### Material for the task
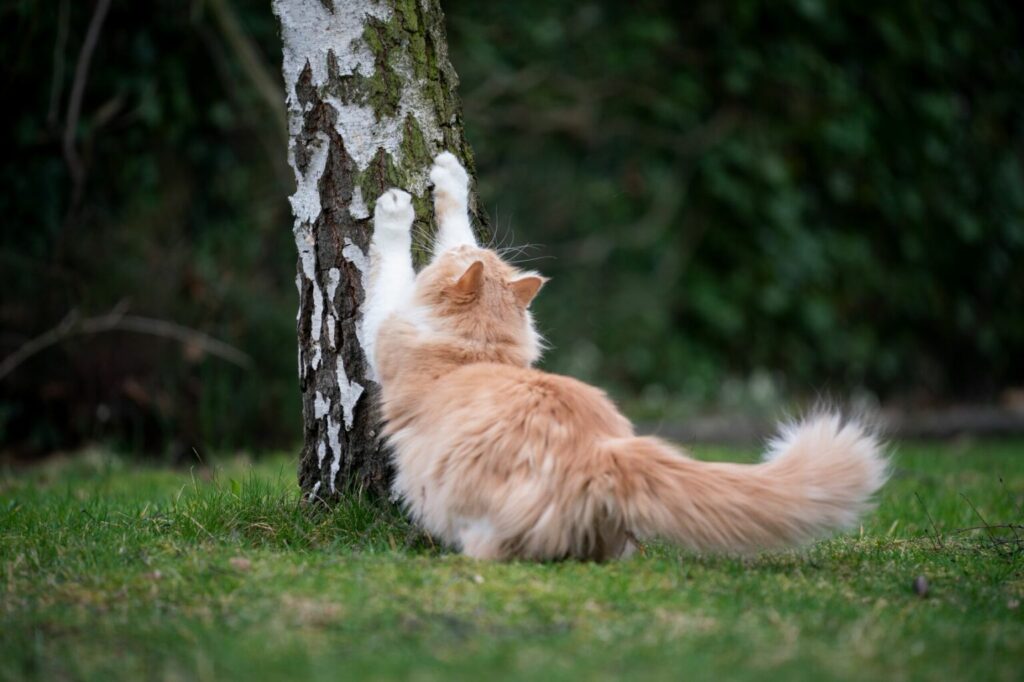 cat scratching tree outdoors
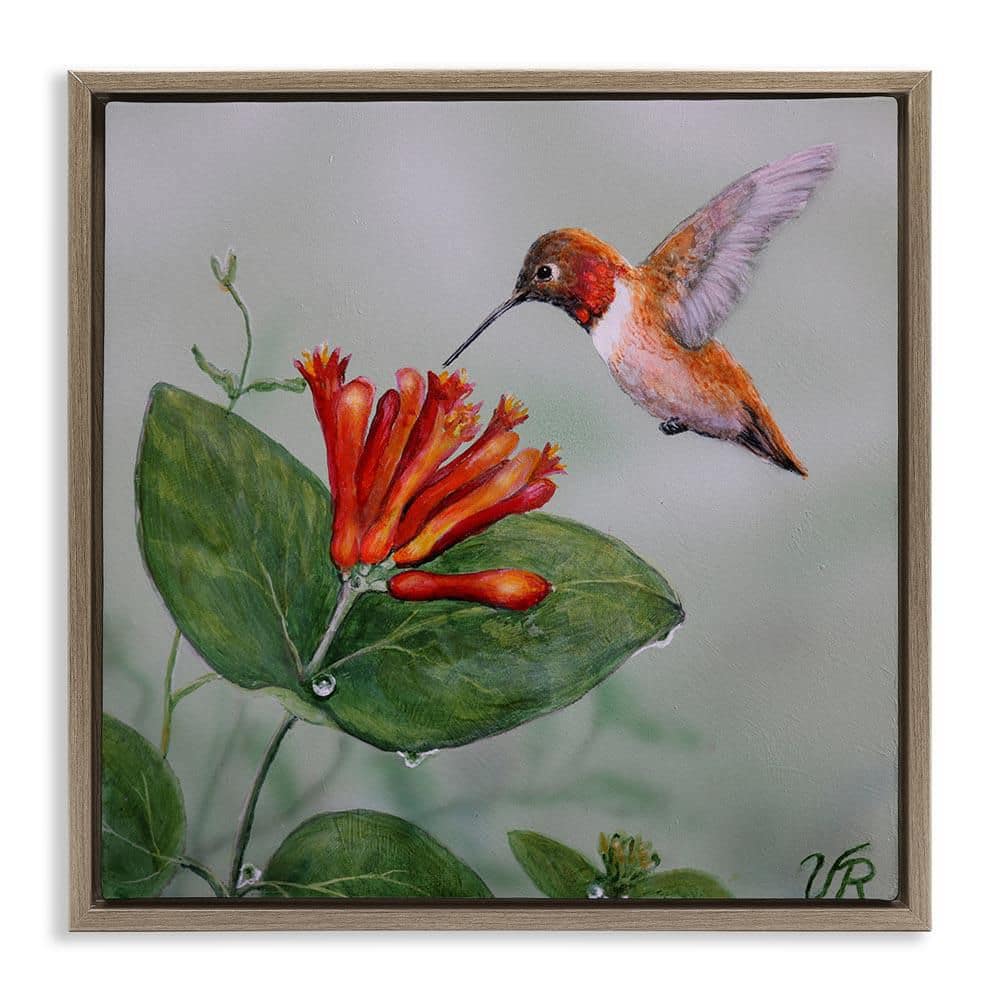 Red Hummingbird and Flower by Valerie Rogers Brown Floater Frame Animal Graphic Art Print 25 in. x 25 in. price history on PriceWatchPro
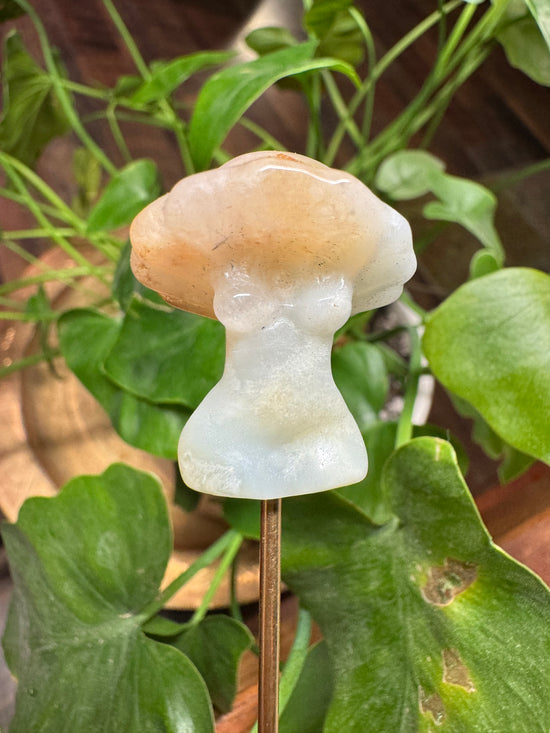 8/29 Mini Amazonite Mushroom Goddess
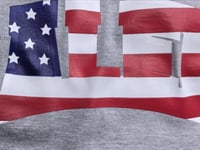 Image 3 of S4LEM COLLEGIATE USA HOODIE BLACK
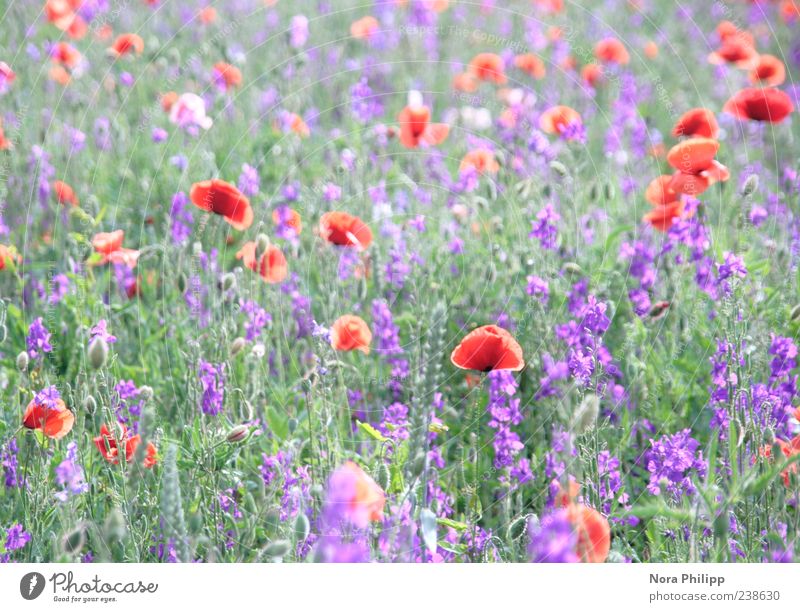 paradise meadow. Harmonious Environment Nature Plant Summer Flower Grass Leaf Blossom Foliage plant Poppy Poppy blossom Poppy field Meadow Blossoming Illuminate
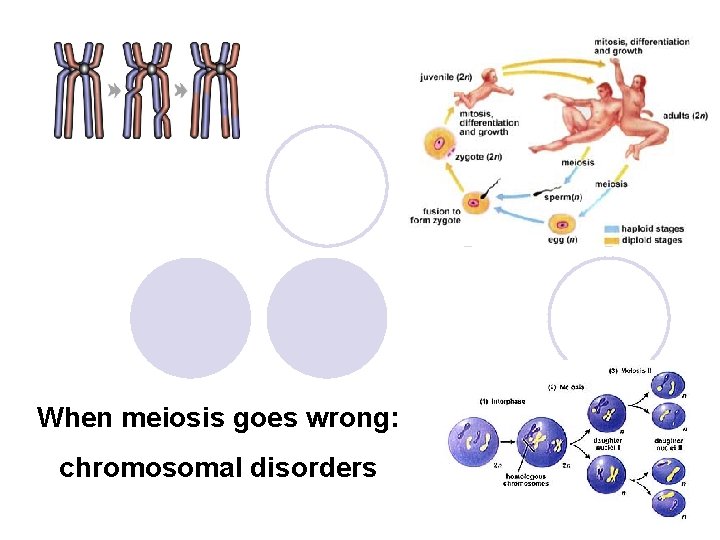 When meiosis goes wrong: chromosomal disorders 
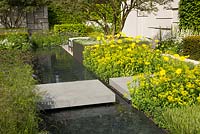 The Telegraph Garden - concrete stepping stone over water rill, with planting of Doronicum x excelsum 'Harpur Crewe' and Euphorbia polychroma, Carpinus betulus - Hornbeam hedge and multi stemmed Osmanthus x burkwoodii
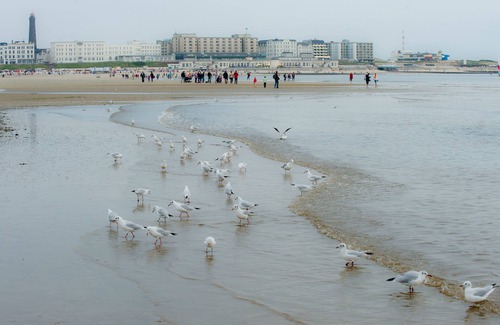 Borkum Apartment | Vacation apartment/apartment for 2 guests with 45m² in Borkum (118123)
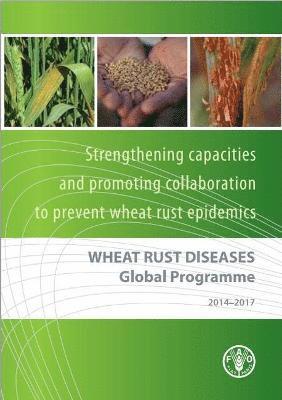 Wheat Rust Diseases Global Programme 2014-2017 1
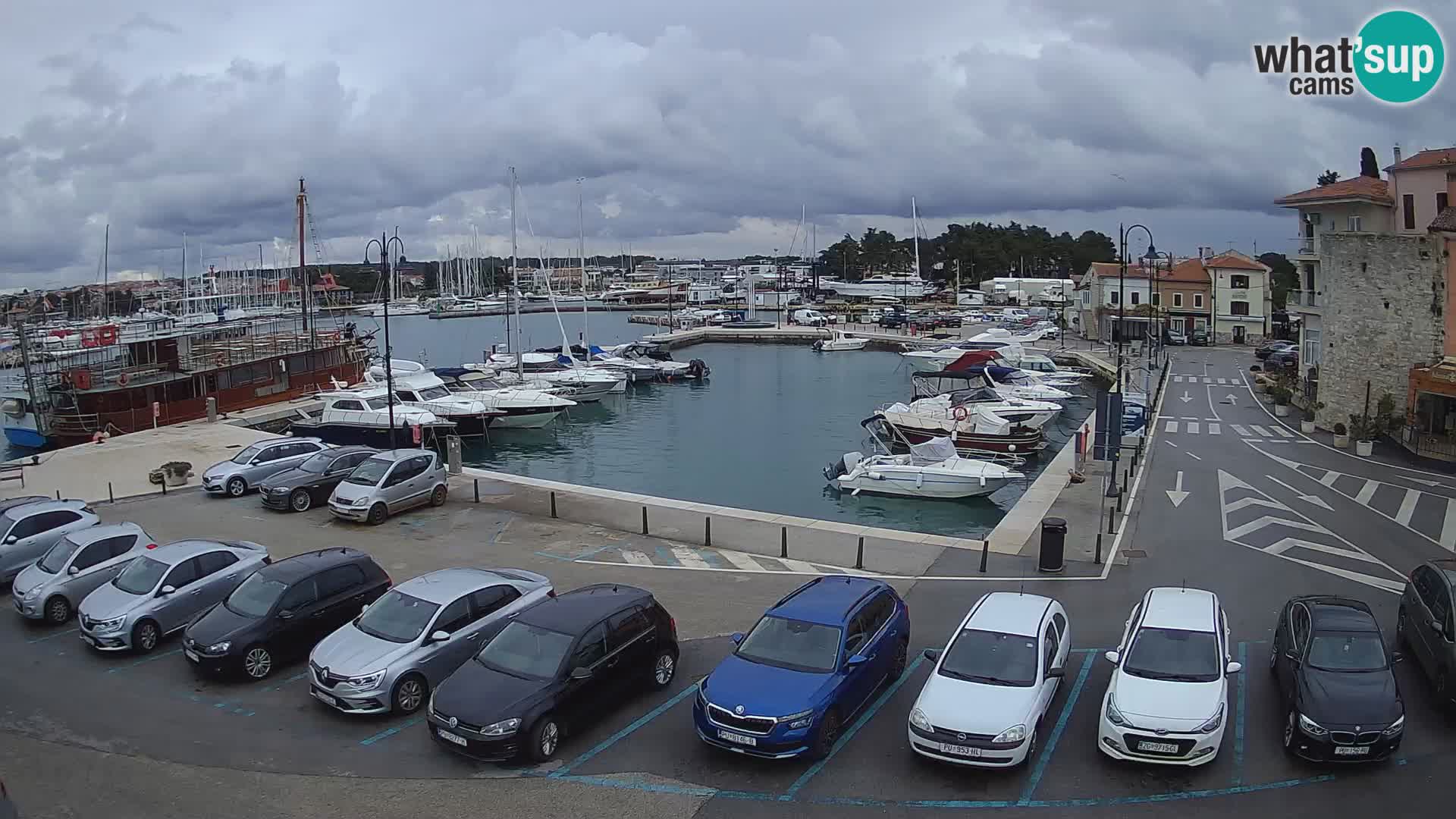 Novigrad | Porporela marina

### Exercise instructions
Please give again, exactly and only, the lines from the top of the listing above through the line that has "Borkum Apartment |", with pictures left out.

### Task output
 cat scratching tree outdoors
 Red Hummingbird and Flower by Valerie Rogers Brown Floater Frame Animal Graphic Art Print 25 in. x 25 in. price history on PriceWatchPro
 8/29 Mini Amazonite Mushroom Goddess
 Image 3 of S4LEM COLLEGIATE USA HOODIE BLACK
 paradise meadow. Harmonious Environment Nature Plant Summer Flower Grass Leaf Blossom Foliage plant Poppy Poppy blossom Poppy field Meadow Blossoming Illuminate
 When meiosis goes wrong: chromosomal disorders 
 The Telegraph Garden - concrete stepping stone over water rill, with planting of Doronicum x excelsum 'Harpur Crewe' and Euphorbia polychroma, Carpinus betulus - Hornbeam hedge and multi stemmed Osmanthus x burkwoodii
 Borkum Apartment | Vacation apartment/apartment for 2 guests with 45m² in Borkum (118123)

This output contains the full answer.